■ **ENTRIES SUPPLIED**

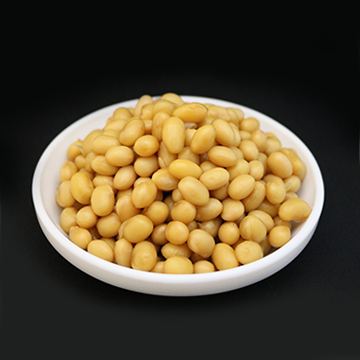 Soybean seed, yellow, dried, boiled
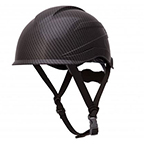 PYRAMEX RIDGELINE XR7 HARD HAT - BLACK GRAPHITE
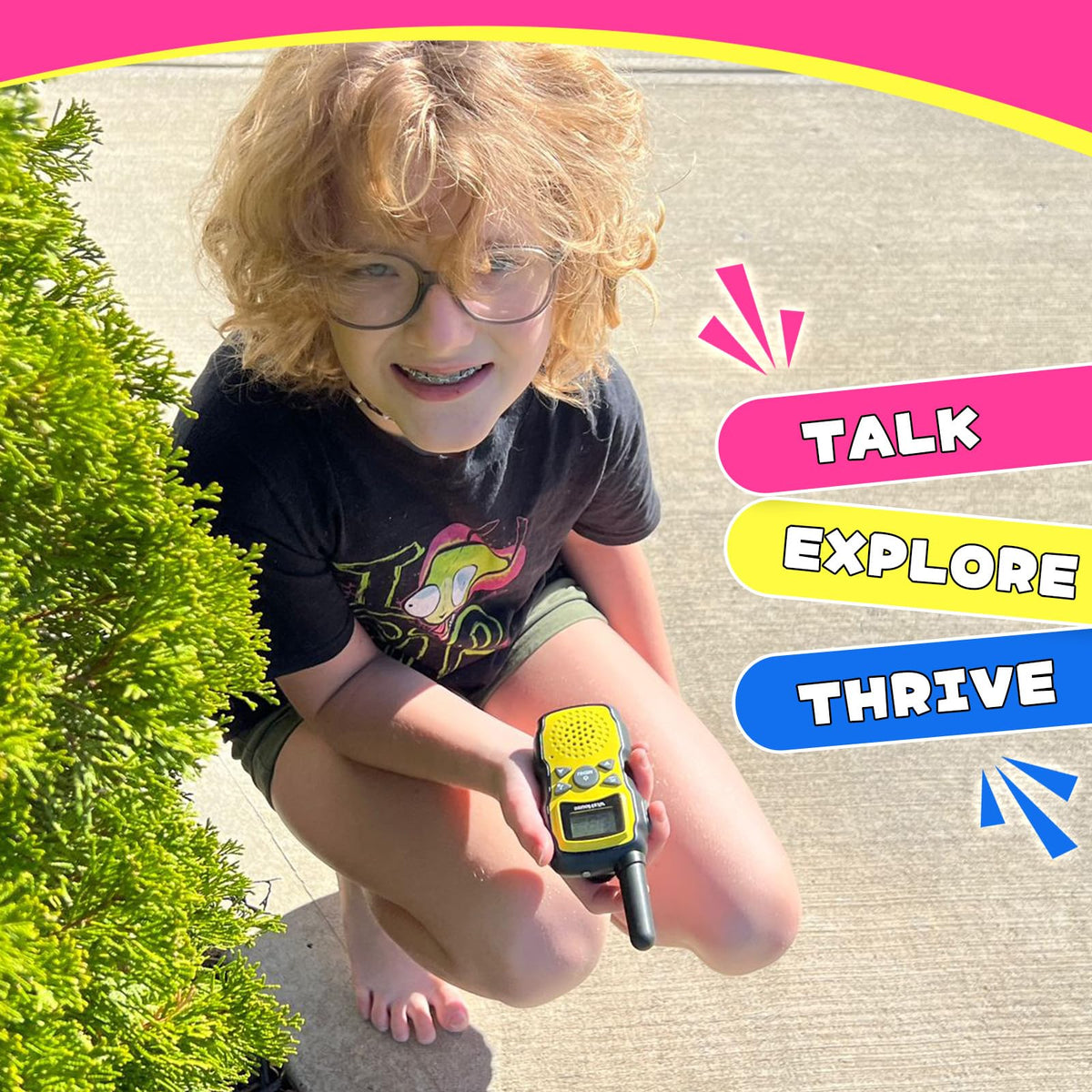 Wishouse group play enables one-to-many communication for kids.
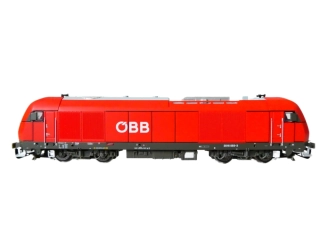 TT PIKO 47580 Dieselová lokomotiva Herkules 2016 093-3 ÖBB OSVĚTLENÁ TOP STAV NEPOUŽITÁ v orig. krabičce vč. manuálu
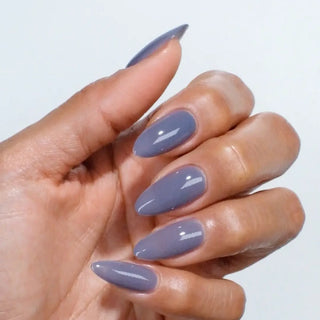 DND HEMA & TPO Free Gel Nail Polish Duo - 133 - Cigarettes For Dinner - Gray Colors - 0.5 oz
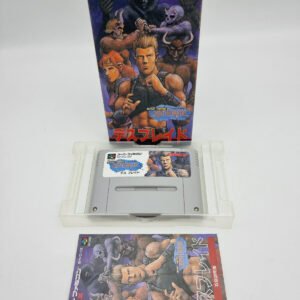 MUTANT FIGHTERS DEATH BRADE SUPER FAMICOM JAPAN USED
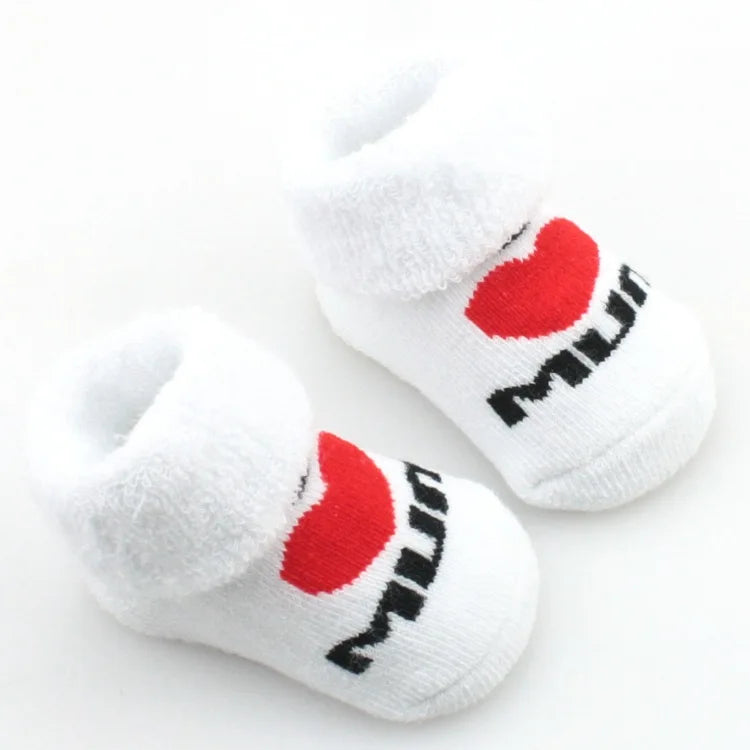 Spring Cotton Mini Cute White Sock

==

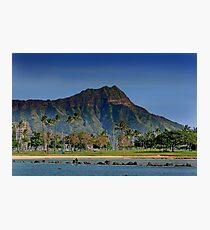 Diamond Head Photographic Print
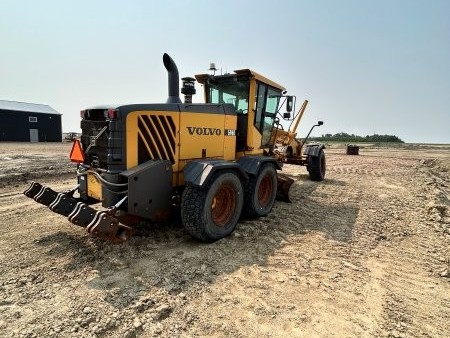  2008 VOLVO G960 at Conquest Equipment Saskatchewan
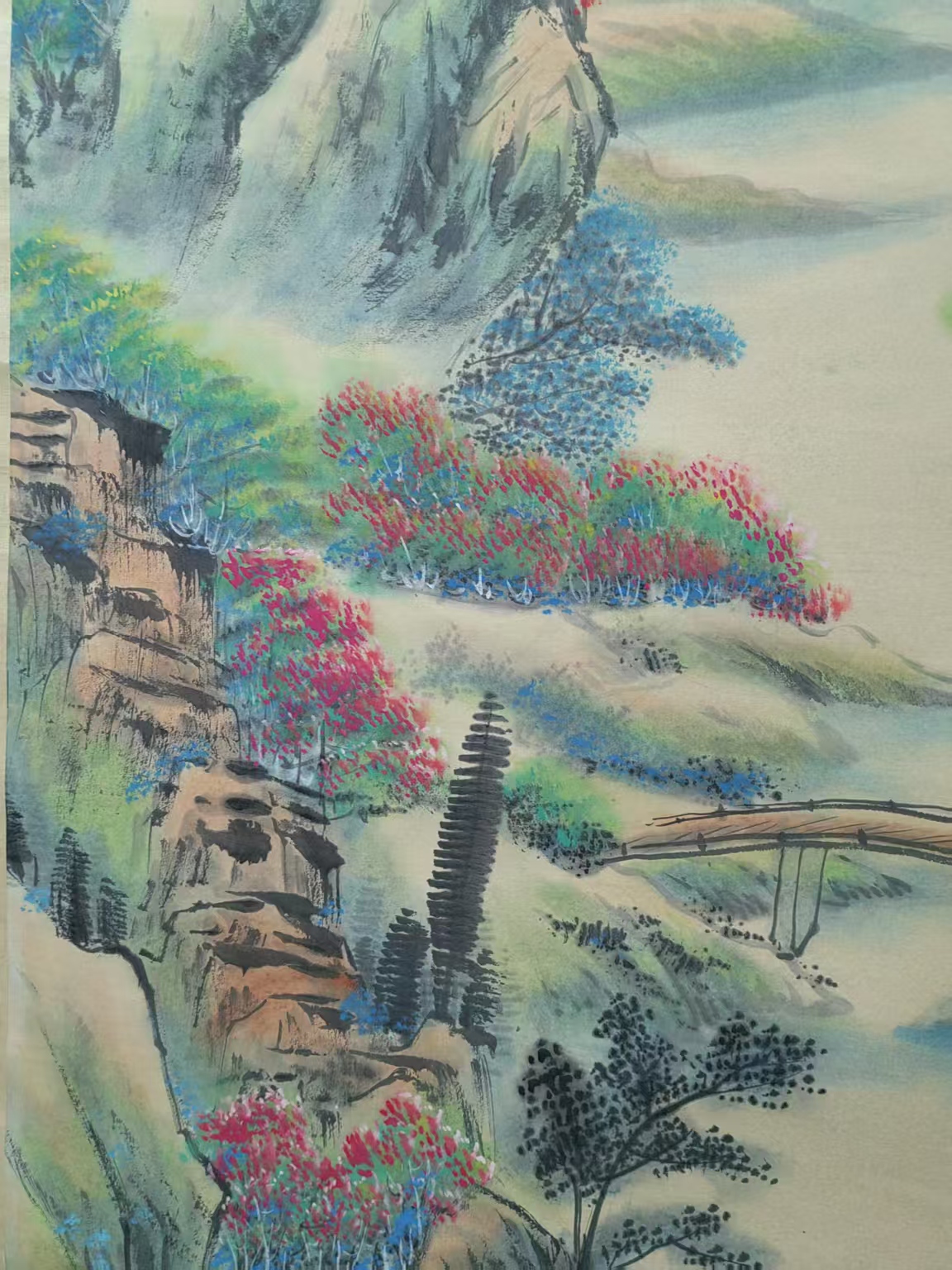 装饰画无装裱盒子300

■ **WHAT THE TASK ASKS**
Your copy should hold only the lines above from the one containing "Wishouse group play" through the one containing "Spring Cotton Mini Cute White Sock", exactly as written and free of pictures.

■ **ANSWER TO THIS TASK**
 Wishouse group play enables one-to-many communication for kids.
 TT PIKO 47580 Dieselová lokomotiva Herkules 2016 093-3 ÖBB OSVĚTLENÁ TOP STAV NEPOUŽITÁ v orig. krabičce vč. manuálu
 DND HEMA & TPO Free Gel Nail Polish Duo - 133 - Cigarettes For Dinner - Gray Colors - 0.5 oz
 MUTANT FIGHTERS DEATH BRADE SUPER FAMICOM JAPAN USED
 Spring Cotton Mini Cute White Sock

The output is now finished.